TPT Retirement Solutions is one of the UK's leading pension providers, with over 80 years of expertise, £11.4 billion in assets under management, and 490,000 members across 2,400 employers. Founded in 1946, TPT's singular focus is pensions — offering defined benefit, defined contribution, and collective defined contribution solutions, alongside fiduciary management and superfund services. The project was to design a new website that could carry the weight of that heritage while making genuinely complex financial subject matter accessible to employers, trustees, scheme members, and professional advisers.
TPT's brand identity had been developed by an external agency — a bold, distinctive visual language built around geometric precision, complex layered patterns, and a typographic system designed for high-impact print. The brief was not to reinterpret the brand, but to honour it: every colour token, typographic rule, spacing rhythm, and graphical motif had to be understood and preserved before a single web component was designed.
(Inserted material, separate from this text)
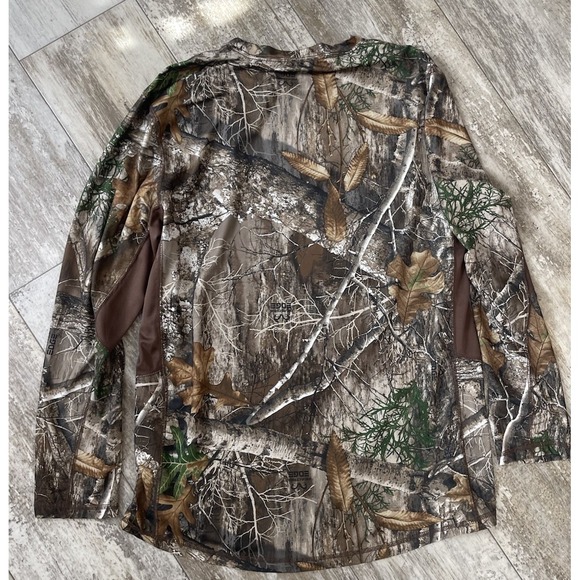 Men's Real tree Camo Shirt S Long Sleeve Green Brown Size Xl - Picture 2 of 6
The design process began with a thorough audit of the brand guidelines, followed by close collaboration with the brand agency to ensure all digital interpretations were informed and approved. The website architecture was then built around TPT's multiple audience types — each with distinct needs and entry points — ensuring that complex pension information could be navigated clearly without sacrificing the brand's authority and character.
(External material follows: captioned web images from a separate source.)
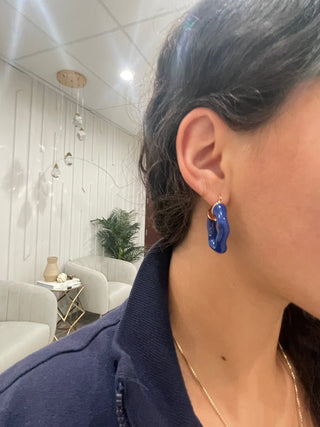 Jarol Abstract Hoop - Boutique Bella BellaEarring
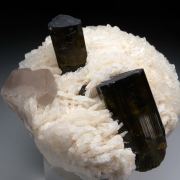 Tourmaline on Albite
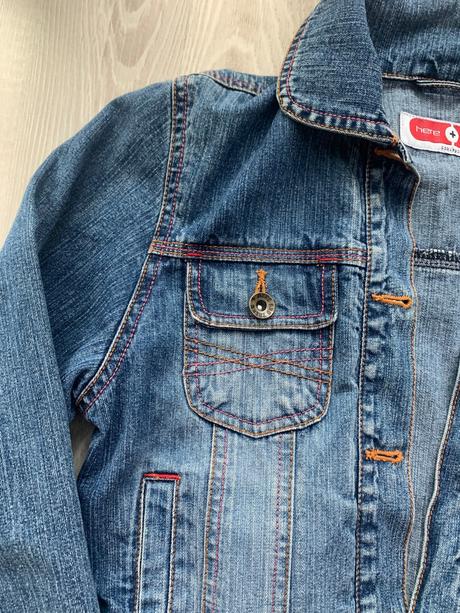 Riflova bunda pre dievča 10-11 r, c&a,146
The most technically demanding aspect of the project was translating TPT's intricate decorative patterns and graphical elements from print to the web. These assets — designed for high-resolution output in Illustrator — relied on vector precision, layered geometry, and multi-axis gradients that have no direct equivalents in CSS.
Reproducing them faithfully required a bespoke approach for each motif: combinations of CSS transforms, clip-path, pseudo-elements, and inline SVG were used to approximate the print originals as closely as possible. Sub-pixel rendering of fine diagonal lines proved particularly unpredictable across browsers and screen densities, requiring extensive cross-device testing to ensure the result felt deliberate. The outcome was a library of reusable CSS components that gave developers a brand-accurate toolkit — allowing the visual language of a print-first identity to live credibly on screen without compromising performance or long-term maintainability.